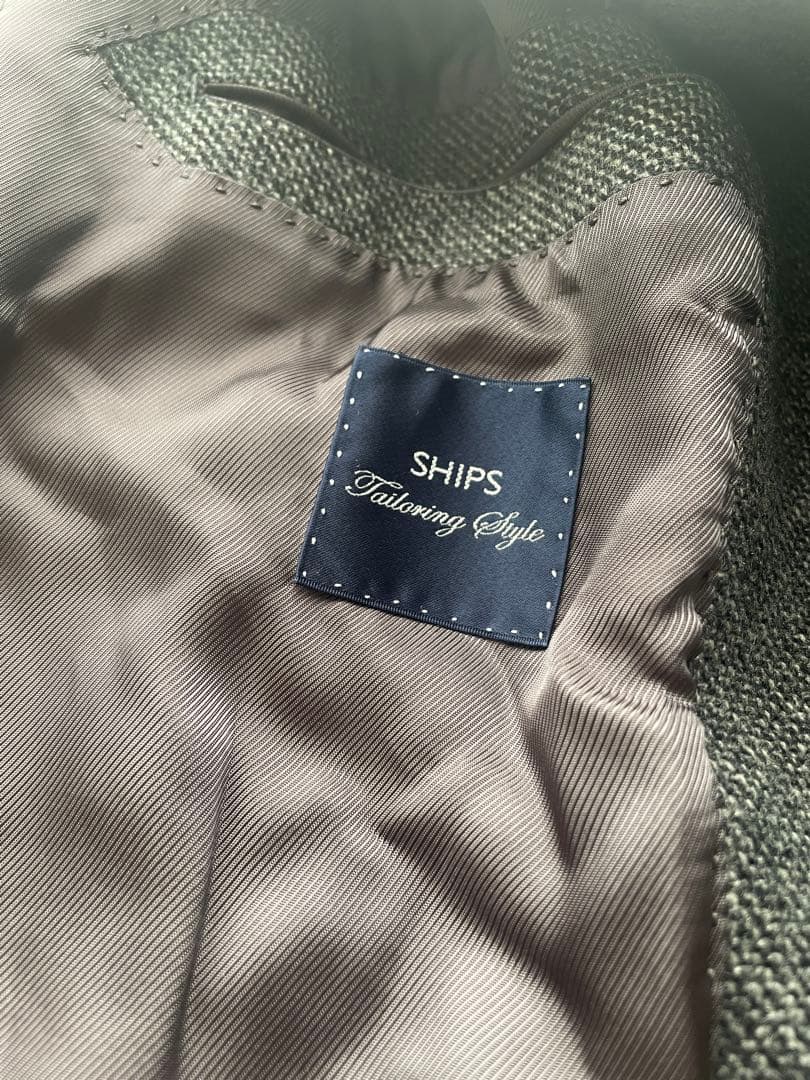 SHIPS シップス　ダブルボタン カシミヤ混 ロングコート　ベルト付 モード系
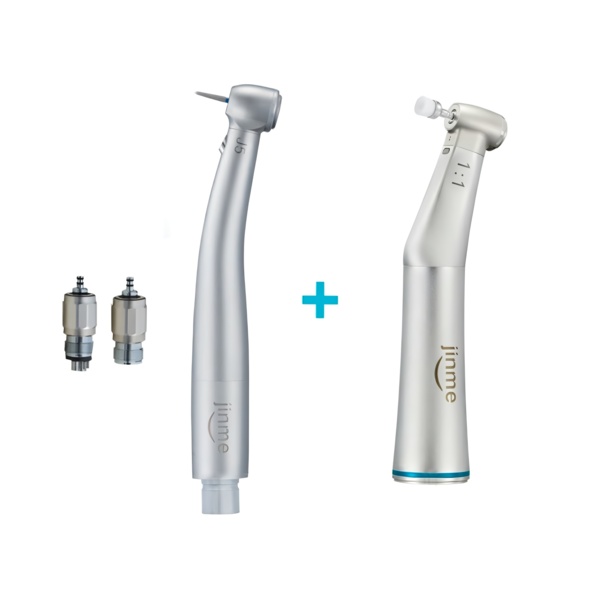 Набор наконечников Jinme, J5 турбинный + CA угловой 1:1, с фиброоптикой  - фото 0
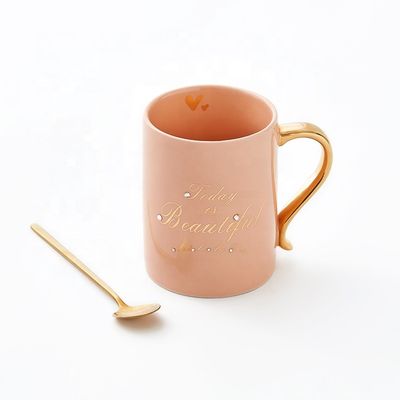 quality 400ml quà tặng màu hồng sữa cốc sứ tái sử dụng cà phê Ceramic mug với muỗng như một bộ quà tặng factory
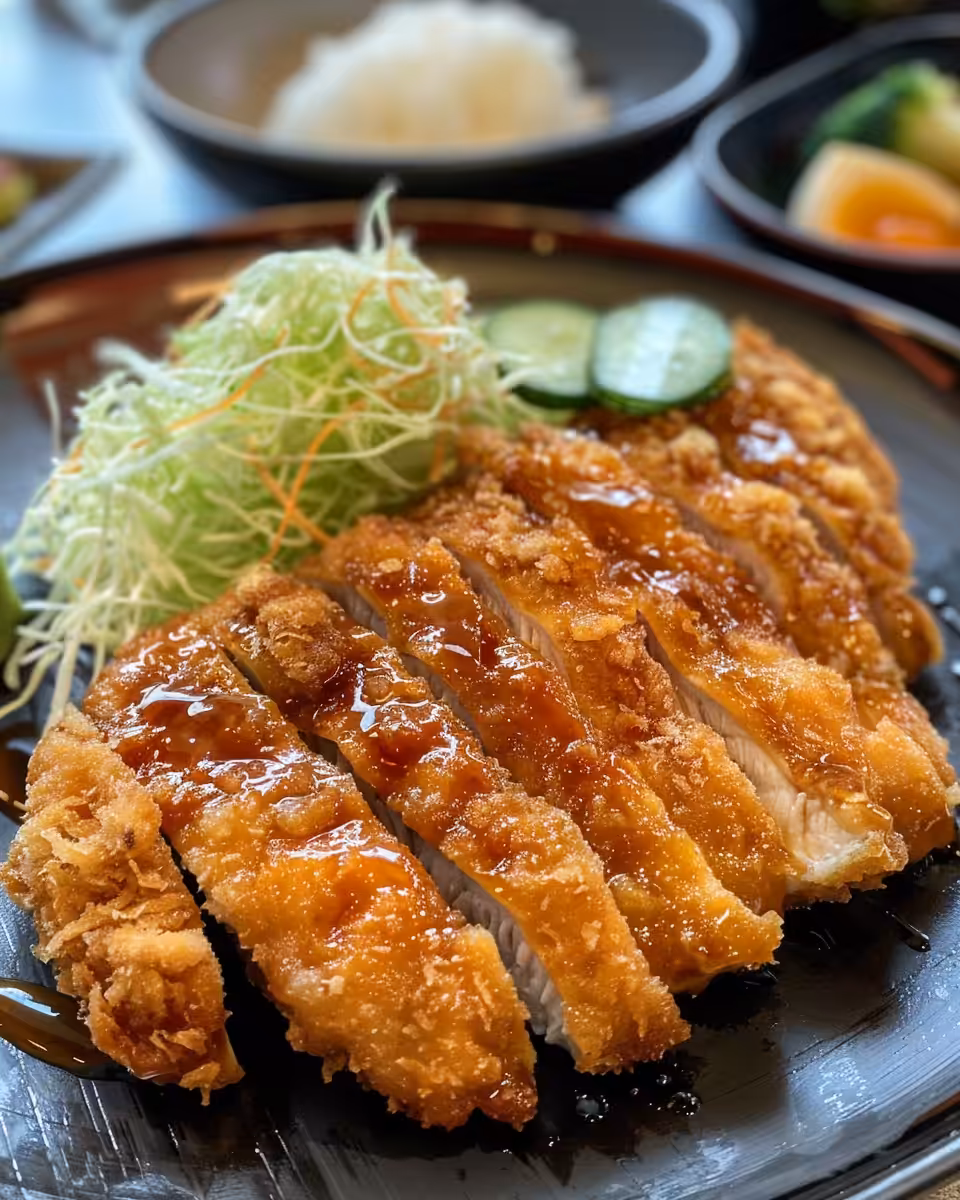 sliced final chicken katsu served crispy and golden with dipping sauce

# # # # #

**Exercise instructions:** The reply has to reproduce every line above verbatim and contain no pictures.

**Solution to this task:**
 SHIPS シップス　ダブルボタン カシミヤ混 ロングコート　ベルト付 モード系
 Набор наконечников Jinme, J5 турбинный + CA угловой 1:1, с фиброоптикой  - фото 0
 quality 400ml quà tặng màu hồng sữa cốc sứ tái sử dụng cà phê Ceramic mug với muỗng như một bộ quà tặng factory
 sliced final chicken katsu served crispy and golden with dipping sauce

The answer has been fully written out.